Court of Justice Advocate General Juliane Kokott concurred with previous court jurisprudence in an opinion that found different VAT rates for printed and digital publications are legal because competition doesn't always exist between the two types of products.
In a news release summarizing the opinion, the ECJ said the “VAT Directive is valid in so far as it applies the reduced rate of tax only to printed books, newspapers and periodicals, as well as to digital books that are supplied by means of a physical medium.”
The opinion, which comes only a few months before the European Commission is due to propose legislation allowing reduced value-added tax rates for digital publications, maintained that differences between digital and printed publications is compatible with the principle of equal treatment.
The final ECJ ruling in the case is due in the next three months; in 80 percent of all cases, the ECJ judgment concurs with the opinion of the ECJ Advocate General.
“As the Court of Justice has already held, with regard to books, competition does not necessarily exist between their digital versions on physical supports and their paper versions,” Kokott said in the news release. “Rather, the existence of such competition is dependent on a number of factors that may not only differ from Member State to Member State, but may also vary over time.”
Kokott added that “where the factual circumstances are unclear in this way, it is primarily for the EU legislature, and not for the Court of Justice, to undertake, within the scope of its legislative discretion, the complex assessment of a competitive situation across the European Union.”
Previously, the ECJ backed a legal challenge by the European Commission against France and Luxembourg, which allowed reduced VAT rates on electronic books (213 ITM, 10/26/12).
However, since the ruling the European Commission has reversed itself.

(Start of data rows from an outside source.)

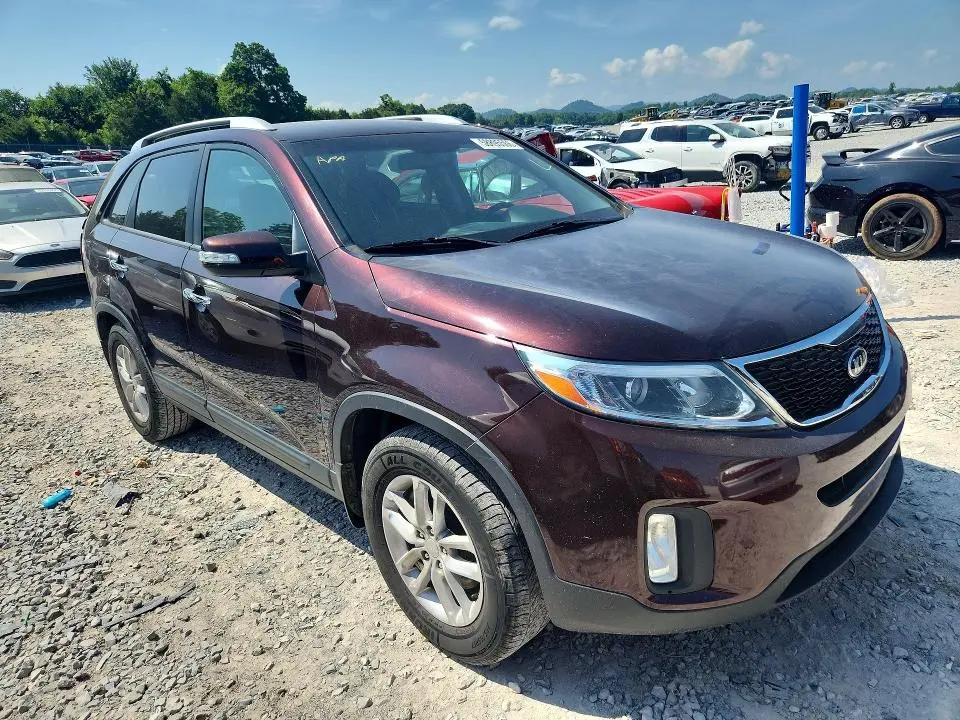 2015 KIA SORENTO LX  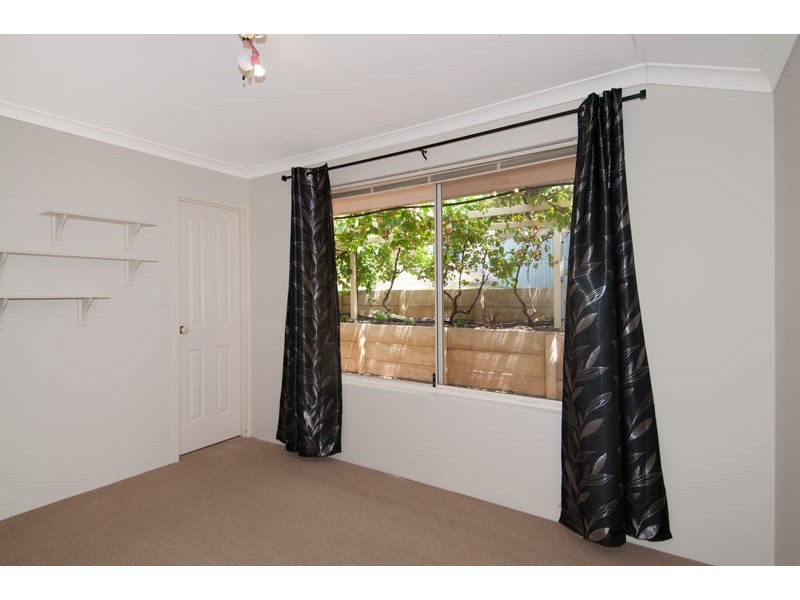 3 Howe Close, San Remo WA 6210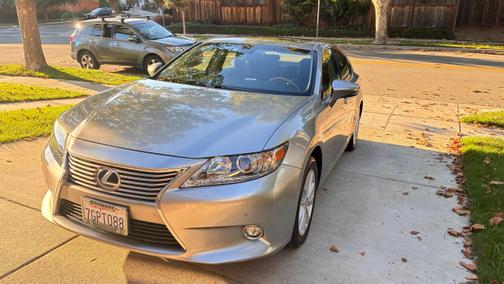 2015 Lexus ES 300h Base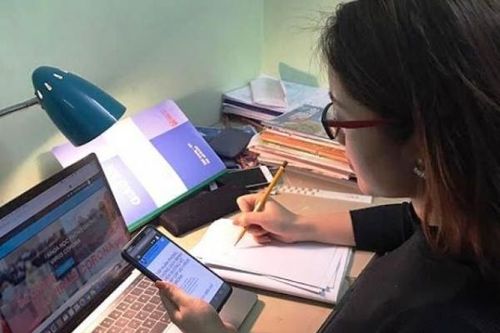 Hà Nội: Học sinh lớp 12 tham gia kiểm tra khảo sát trực tuyến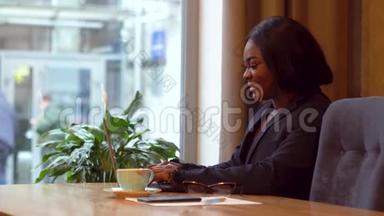 非裔美国女商人用手提电脑和文件工作。 忙碌的女人在网上银行<strong>理财</strong>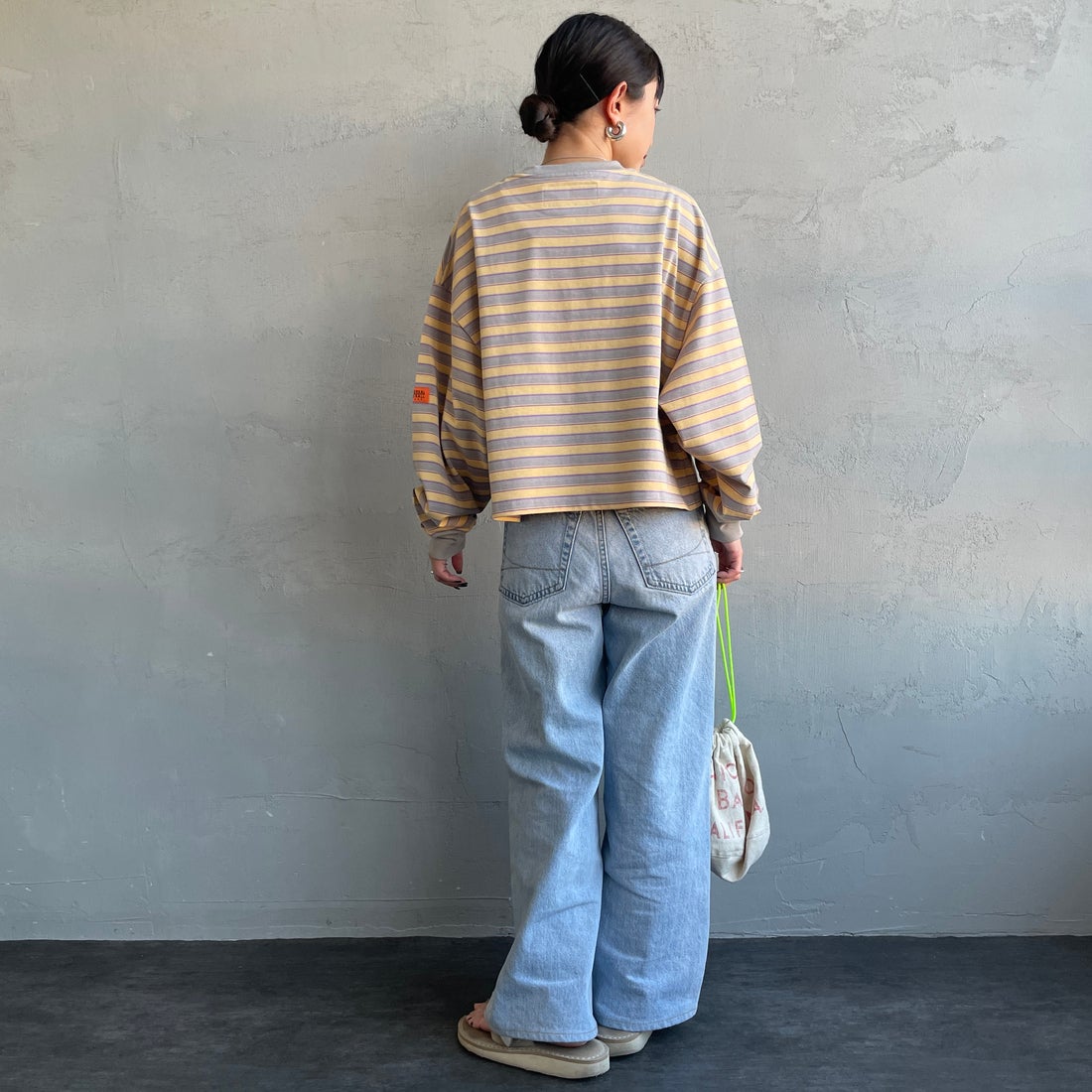 UNIVERSAL OVERALL [ユニバーサルオーバーオール] 別注 クロップド丈 ボーダーロングスリーブTシャツ [U2612215IN-JF] GRY/YEL &&モデル身長：150cm 着用サイズ：F&&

The EU executive body is currently holding a public consultation on allowing reduced VAT rates for digital publications in advance of legislation due out by the end of 2016.
European newspapers, magazine and books publishers have lobbied intensively to allow digital publications to benefit from the same reduced VAT rates imposed on printed publications.
Newspapers insist lower VAT rates on online sales are crucial as advertising revenue shrinks due to dramatically falling subscription rates for printed newspapers.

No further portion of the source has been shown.